A Swarmauri-compatible scraper that fetches HTML with `requests`, parses it via BeautifulSoup, and extracts content with CSS selectors. Ideal for lightweight data collection, compliance checks, or enriching agent answers with live webpage snippets.

- Accepts any valid URL and CSS selector; returns joined text content from the matching nodes.
- Handles HTTP/network failures gracefully by surfacing structured error messages.
- Integrates with Swarmauri agents so scraping can be triggered through natural-language prompts.

## Requirements

- Python 3.10 – 3.13.
- `requests` and `beautifulsoup4` (installed automatically with the package).
- Respect site terms of service, robots.txt directives, and rate limits when scraping.

## Installation

Use your preferred packaging workflow—each command installs the dependencies above.

**pip**

```bash
pip install swarmauri_tool_webscraping
```

**Poetry**

```bash
poetry add swarmauri_tool_webscraping
```

**uv**

```bash
# Add to the current project and update uv.lock
uv add swarmauri_tool_webscraping

# or install into the active environment without editing pyproject.toml
uv pip install swarmauri_tool_webscraping
```

> Tip: In containerized or restricted environments ensure outbound HTTPS traffic is permitted; `requests` needs network access to reach target sites.

## Quick Start

```python
from swarmauri_tool_webscraping import WebScrapingTool

scraper = WebScrapingTool()
result = scraper(url="https://example.com", selector="h1")

if "extracted_text" in result:
    print(result["extracted_text"])
else:
    print(result["error"])
```

`extracted_text` concatenates matches separated by newlines.
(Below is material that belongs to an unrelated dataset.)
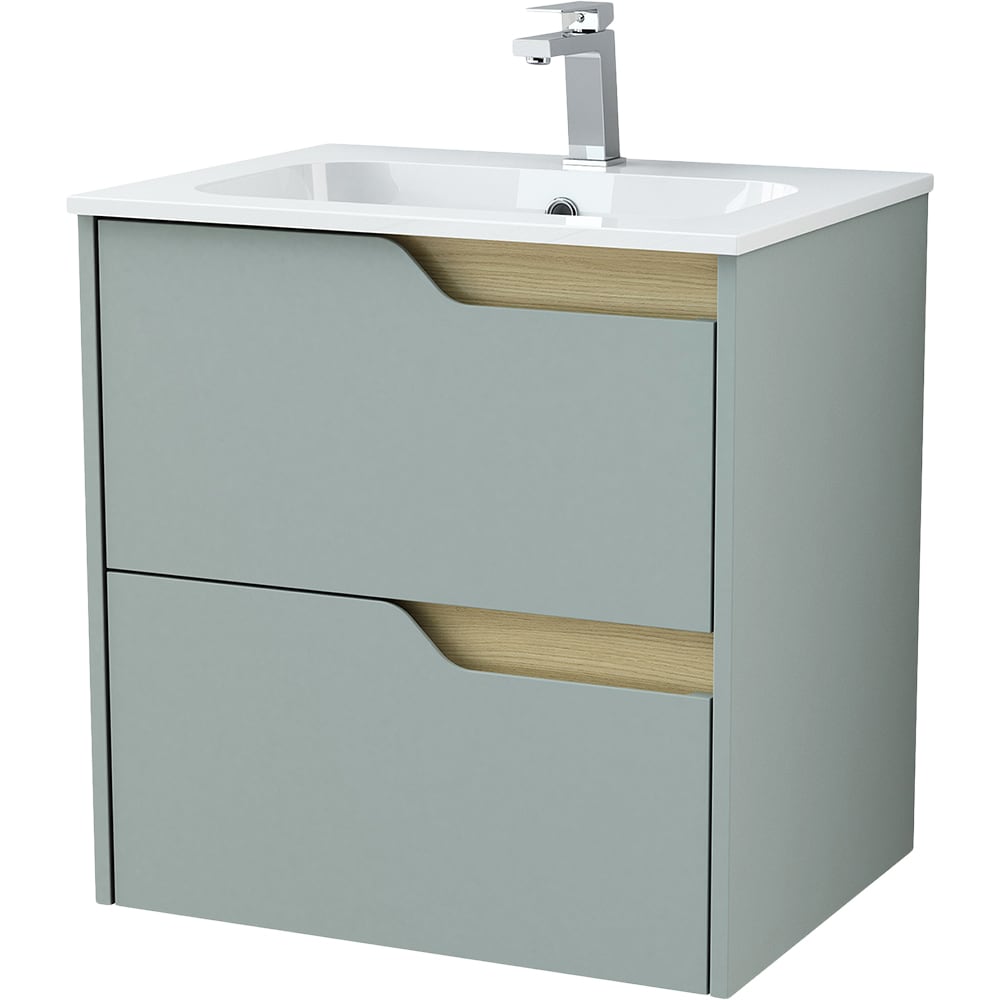 Baza pentru lavoar, 60 x 59 x 45 cm, PAL si MDF, verde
When no elements match the selector, the tool returns an empty string.

## Usage Scenarios

### Monitor Site Copy for Compliance

```python
from swarmauri_tool_webscraping import WebScrapingTool

scraper = WebScrapingTool()
result = scraper(
    url="https://status.vendor.com",
    selector=".uptime-banner"
)

if "error" in result:
    raise RuntimeError(result["error"])

if "maintenance" in result["extracted_text"].lower():
    print("Maintenance notice detected – alert the ops team.")
```

### Inject Live Data Into a Swarmauri Agent Response

```python
from swarmauri_core.agent.Agent import Agent
from swarmauri_core.messages.HumanMessage import HumanMessage
from swarmauri_standard.tools.registry import ToolRegistry
from swarmauri_tool_webscraping import WebScrapingTool

registry = ToolRegistry()
registry.register(WebScrapingTool())
agent = Agent(tool_registry=registry)

message = HumanMessage(content="Check the headline on https://example.com")
response = agent.run(message)
print(response)
```

### Batch Collect Headlines From Multiple Pages

```python
from swarmauri_tool_webscraping import WebScrapingTool

scraper = WebScrapingTool()
urls = [
    "https://news.example.com/tech",
    "https://news.example.com/business",
]

for url in urls:
    result = scraper(url=url, selector="h2.article-title")
    print(url)
    print(result.get("extracted_text", result.get("error")))
    print("---")
```

## Troubleshooting

- **`Request error`** – Network failures, DNS issues, or HTTP 4xx/5xx responses produce `Request error` messages. Verify connectivity, headers, or authentication if required by the site.
- **Empty `extracted_text`** – The selector may not match any nodes. Use browser dev tools to confirm the CSS selector or adjust the parser to target the correct element.
- **SSL certificate problems** – Pass `verify=False` by forking/extending the tool only when you trust the target; otherwise update CA certificates on the host.

## License

`swarmauri_tool_webscraping` is released under the Apache 2.0 License. See `LICENSE` for full details.